The farmer’s wife described how some supermarket inspectors would reject entire fields based on firmness tests, deeming the fruit to be too soft, which could impact the shelf life. Others can be rejected because they are misshapen or don’t meet aesthetic qualities. It was clear from only an hour of picking under the canopies that the nicer fruit was nearer the seams of the canopies (where there is probably more water and sun). Why would an entire field need to be rejected when there is so much variation in quality under a single canopy?
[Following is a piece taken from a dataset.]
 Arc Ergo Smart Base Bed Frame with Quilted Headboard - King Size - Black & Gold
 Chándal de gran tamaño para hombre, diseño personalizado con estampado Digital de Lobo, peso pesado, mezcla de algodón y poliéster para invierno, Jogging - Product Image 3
It makes you wonder how farming contracts can be handled more sensibly to help both the farmer and the purchaser have a more economically fruitful (no pun intended) relationship. The grocer who contracts strawberries from our farmer also markets their own strawberry jam. Why can’t the misshapen and aesthetically undesirable fruit be collected as well, and sold under separate contract to provide the fruit for their jam? Even the slightly softer fruit, which would otherwise go wasted, would be suitable for jam. Surely it would mean less waste at the farm, a single point of supply for the grocer, more profit for the farmer, and better use of the natural capital that was invested in growing the fruit to begin with.
Certainly, there must be better ways of getting more out of the natural capital spent on farming…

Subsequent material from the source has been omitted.